Jeramaz said he believes organic farming methods have allowed the winery to better maintain its vineyards without chemicals, extending the lifespans of the vines beyond that of conventionally farmed vines. All of Grgich Hills’ vineyards are 30 years old or older; the oldest is 120 years old.
“I will never say that being organic means that we’re better than our conventionally grown neighbors,” Jeramaz said. “But every year, the vineyards age, and we always believe older vineyards produce more profound quality.”

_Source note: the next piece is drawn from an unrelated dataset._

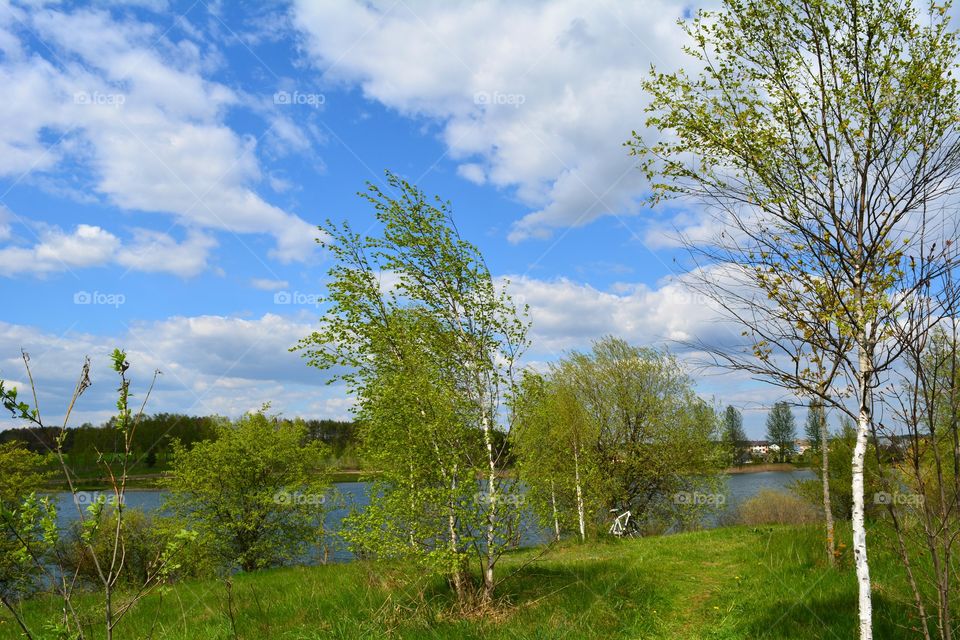 spring landscape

The nature of organic farming means it can be more labor intensive – and more costly. But there are ways to mitigate that, Clif Family Winery Winemaker Laura Barrett said. And she believes the extra effort she puts into managing the winery’s budget is worth it.

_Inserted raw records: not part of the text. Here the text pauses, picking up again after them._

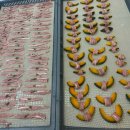 멍멍제과 이미지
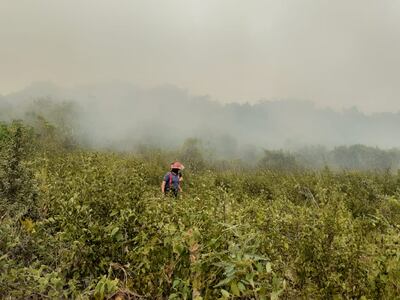 Incendio en parque nacional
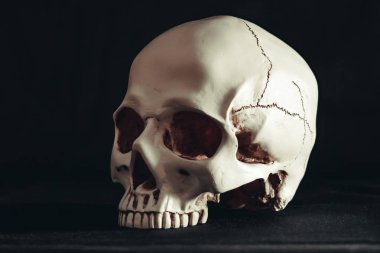 Karanlıktaki kafatası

“I’ve been on conventional vineyards during the winter and you look out and see orange stripes under vines—that’s roundup,” Bartlett said. “We have people working in that vineyard, people like me who walk that vineyard and then walk into my home with my children. And the implications of (those chemicals) in wine – it just feels better to work in a vineyard without it.”
Anderson estimates that organics, whether ingredient-based or wine itself, account for around 10 percent of wine industry sales. Demand is slowly growing, he said.
“I don’t think it’s as common as we’d like it to be,” Williams said, of demand for organics. But he senses more interest – just last year, 300 industry members attended a seminar on compost at Frog’s Leap.
“That would have been inconceivable when my dad (started farming organically) 30 years ago,” he said. “I think now people are curious about the ‘how’.”